# Analyzing Data with Built-in Features of Python

In this small project, you use standard Python features to analyze the Miete data set. The data set contains the data of 1082 households interviewed for the Munich rent standard. A description of the attributes (column titles) is available in [RDocumentation](https://www.rdocumentation.org/packages/kknn/versions/1.3.1/topics/miete).
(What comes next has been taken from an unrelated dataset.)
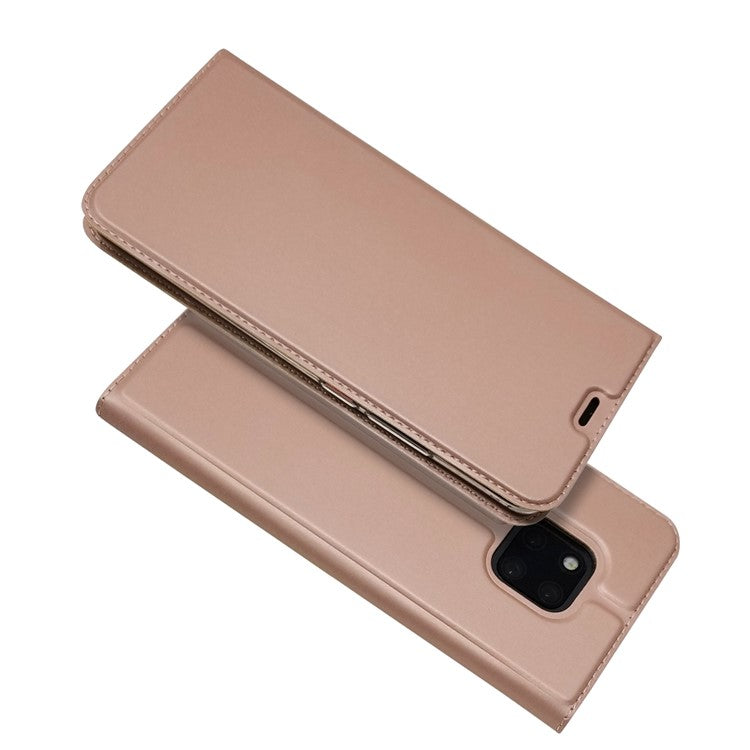 Magnetic Adsorption Leather Card Holder Cover for Huawei Mate 20 Pro - Rose Gold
But our data set contains only 16 (not 18) attributes. 

## Initialization

Run the next code cell first, which loads the data set from file `Miete.csv` and converts the data into a nested list `data`. The .csv file and this notebook file should be in the same folder. 

As `data` is a nested list, you can apply list indexing, slicing, comprehensions and enumeration. 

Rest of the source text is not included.